Le Syndicat des copropriétaires de la [Adresse 2] sera également condamné à verser à Monsieur [K] [U] et Madame [Z] [A] la somme de 3 000 euros au titre de l’article 700 du Code de procédure civile.
Il convient de rappeler l’exécution provisoire de droit de la présente décision.
PAR CES MOTIFS
Le tribunal, statuant par mise à disposition au greffe, après débats en audience publique, par jugement contradictoire et rendu en premier ressort,
Déboute Monsieur [K] [U] et Madame [Z] [A] de l’intégralité de leurs demandes,
Condamne le Syndicat des copropriétaires de la [Adresse 2], représenté par son syndic la SAS [L] SYNDIC, à verser à Monsieur [K] [U] et Madame [Z] [A] la somme de 3 000 euros au titre de l’article 700 du Code de procédure civile,
Condamne le Syndicat des copropriétaires de la [Adresse 2], représenté par son syndic la SAS [L] SYNDIC, aux entiers dépens,
Rappelle l’exécution provisoire de droit de la présente décision.

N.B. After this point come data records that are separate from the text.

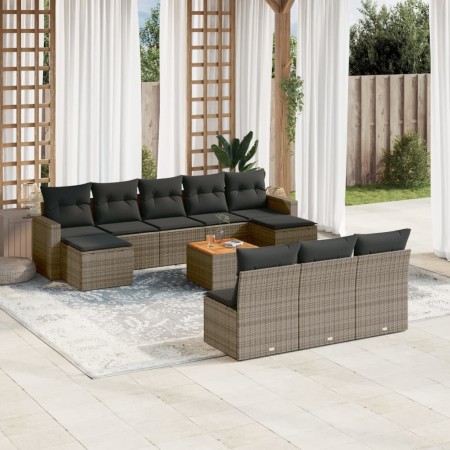 Set de sofás de jardín 11 pzas y cojines ratán sintético gris de , Conjuntos de jardín - Ref: Foro24-3256662, Precio: 586,43 ...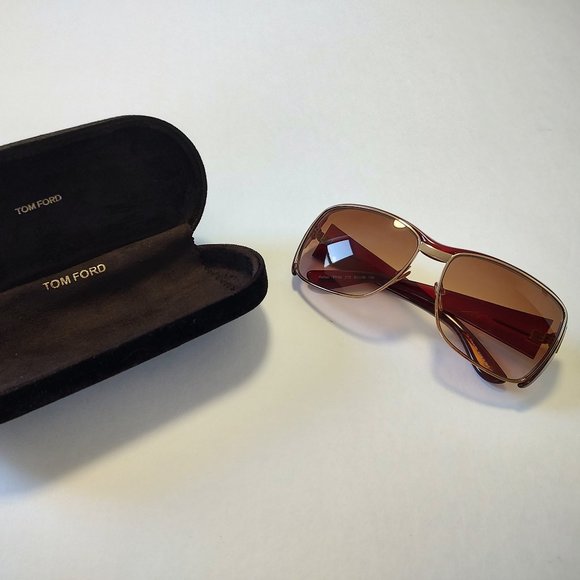 Tom Ford KELLAN Sunglasses Plastic TF 90  Gold T Logo Burgundy Brown Red main image 8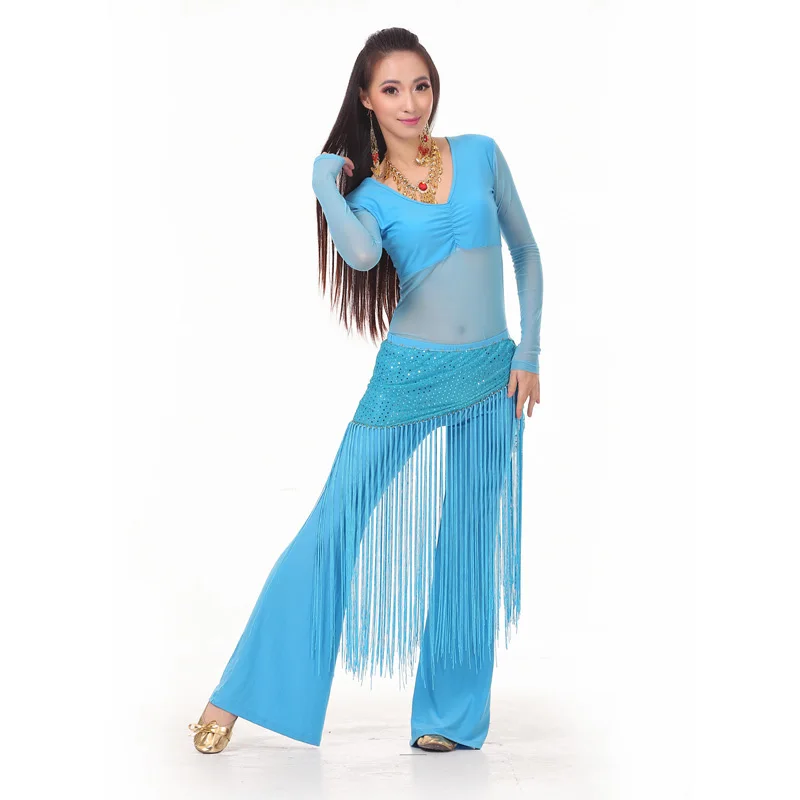 Turquoise Костюм для танца живота, набор для занятий танцами, топ+ штаны+ набедренный шарф, индийский танец, женский танец живота, профессиональная танцевальная одежда - Цвет: Turquoise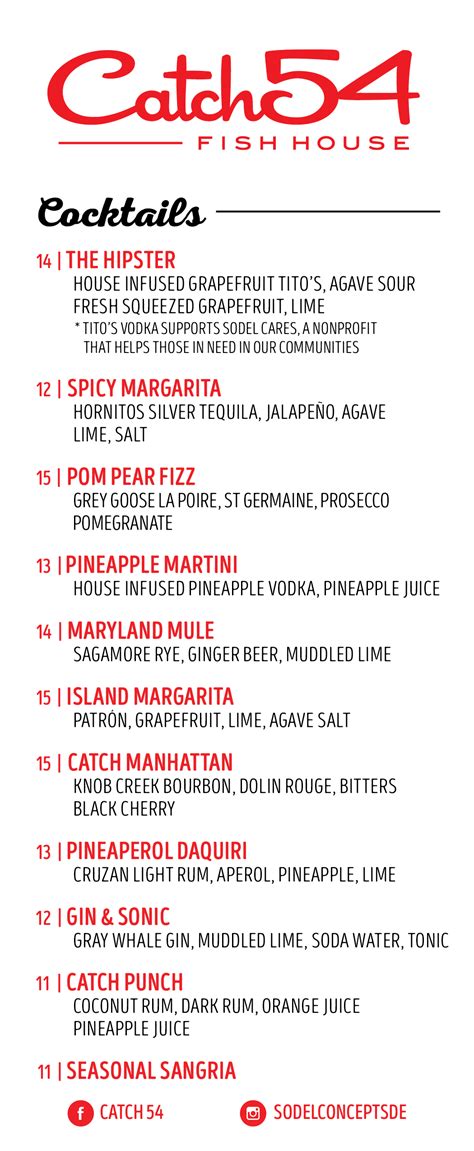 View Our Menu | Seafood Restaurant Fenwick Island | Catch 54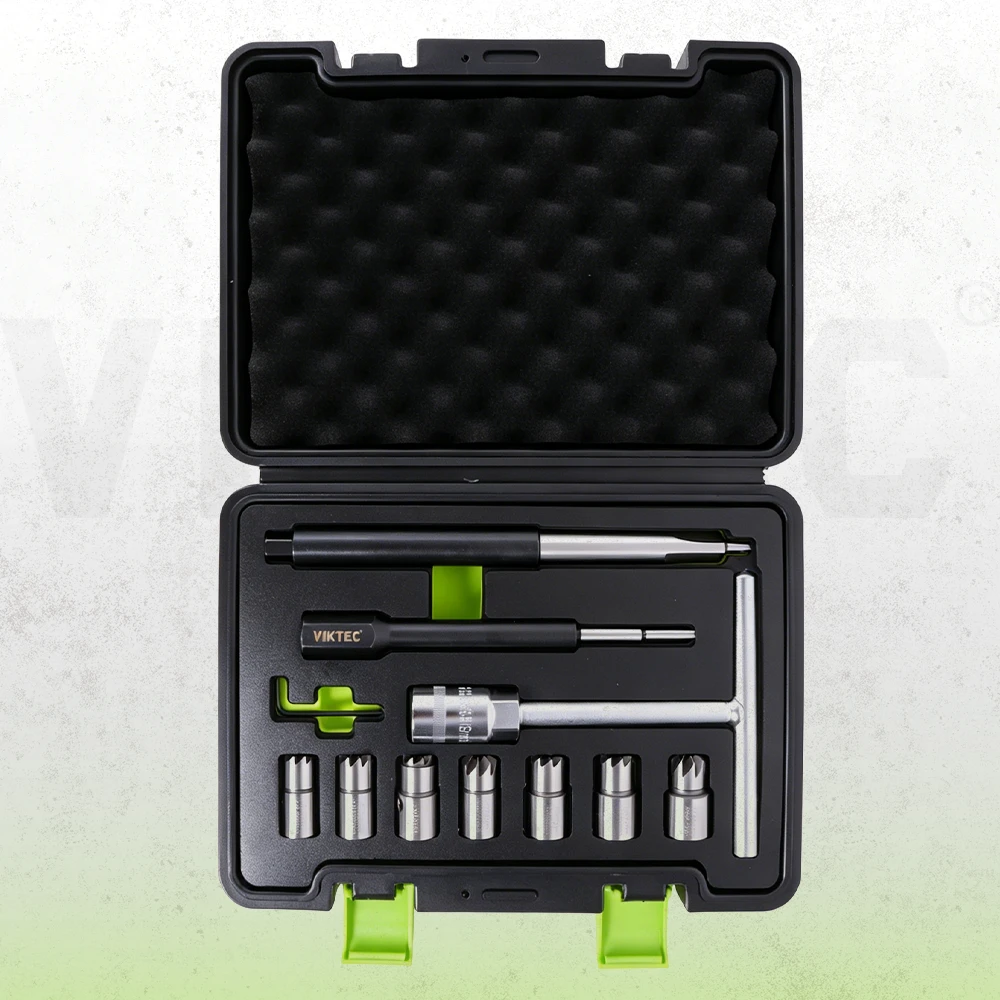 Common rail diesel injector seat cleaning and reaming tool kit for repairing injector sealing surfaces on BMW, Mercedes-Benz, PSA, Renault and Ford engines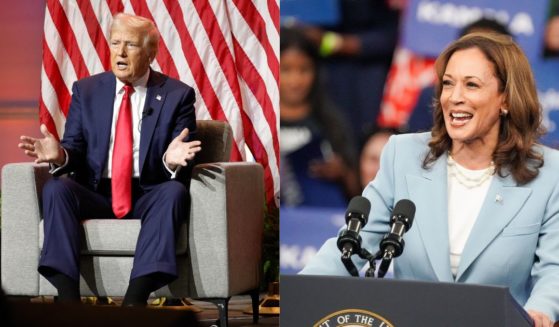 Composite image of former President Donald Trump and Vice President Kamala Harris.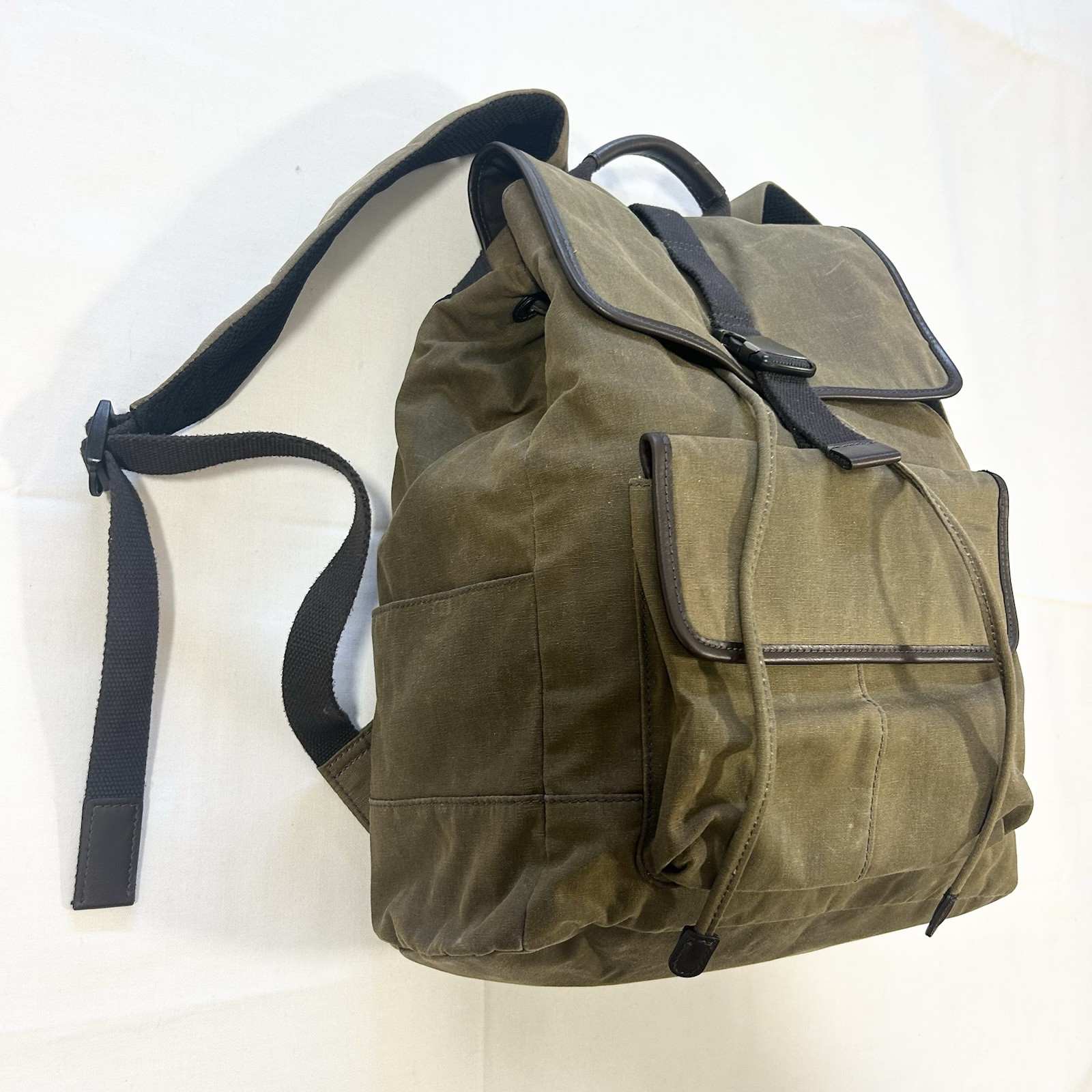 Fossil Buckner Canvas Olive/Khaki Brown Faux Leather Trim Rucksack Backpack Bag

Le présent jugement a été signé par Pascal MARTIN, Vice-Président du Tribunal judiciaire de DAX, et par Sandra SEGAS, Greffier, et porté à la connaissance des parties par remise au greffe.
En conséquence, la République française mande et ordonne à tous les commissaires de justice sur ce requis, de mettre la présente décision à exécution, aux procureurs généraux et aux procureurs de la République près les tribunaux judiciaires d’y tenir la main, à tous commandants et officiers de la force publique de prêter main forte lorsqu’ils en seront légalement requis.